# Dipole, Bipole, Monopole, Omni? Rears



## icor1031 (Mar 24, 2011)

What kind of speakers do you like to use for the rear, when watching movies?

Thanks!


----------



## koyaan (Mar 2, 2010)

I like plain old direct radiating speakers in the rear with dipoles for side surrounds. Sound from the rear seems so ambiguous in any case that spreading it out more just reduses the rear surround effect.


----------



## Prof. (Oct 20, 2006)

I would agree with that..If you have good dipoles,tripoles or quadpoles for your surrounds, then monopoles is all you need for the rears..


----------



## icor1031 (Mar 24, 2011)

By rear, I mean rear in a 5.1
Sorry.

What do you suggest with this in mind?


----------



## Prof. (Oct 20, 2006)

In a 5.1 system!...Dipoles on the side walls


----------



## GranteedEV (Aug 8, 2010)

When I do it again, I plan to use these 8" coaxials:

http://reconingspeakers.com/products-page/pro-audio/kef-8-q900-coaxial-driver/

in 2.5-way monopoles.

THX style "Dipoles" and "bipoles" are a mess.
Omnis are a good idea, but a problem in terms of placement near walls, which causes them to sound colored. Probably fine for HT but not optimal IMO.
True dipoles, like a Nao Note, are optimal, but complexity is through the roof. I'm not about to spend ~6K on four of surrounds. After all that, they still require some distance from wall. That particular design also happens to be virtually 4.5-way with a high tweeter crossover point, meaning a narrow coverage area vertically.

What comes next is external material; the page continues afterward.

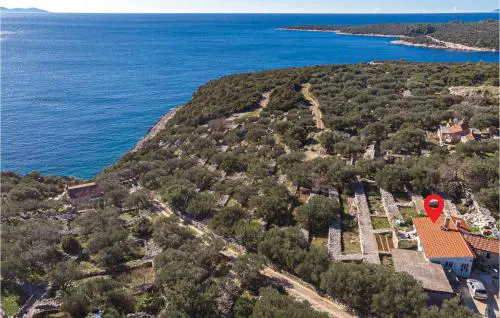 2 Bedroom Stunning Home In Vela Luka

All-in-all I think the coaxials are just the easiest choice to make.


----------



## icor1031 (Mar 24, 2011)

Hey, Granteed.  Nice to see you on this forum too.

Currently they're within inches of the wall.. But, I could put a stand behind the furniture to pull them out a bit.

Can you do omni with a full-range, or do you need 2+ drivers?

Thanks.

EDIT: You gave the same link twice, mate.


----------



## GranteedEV (Aug 8, 2010)

Doh! accident!

Anyways, i've seen people do omnis with custom acoustic lenses, but that's rather convoluted.

The easiest way to do an omni, and (it wouldn't be a true omni technically) is the Linkwitz Pluto.


----------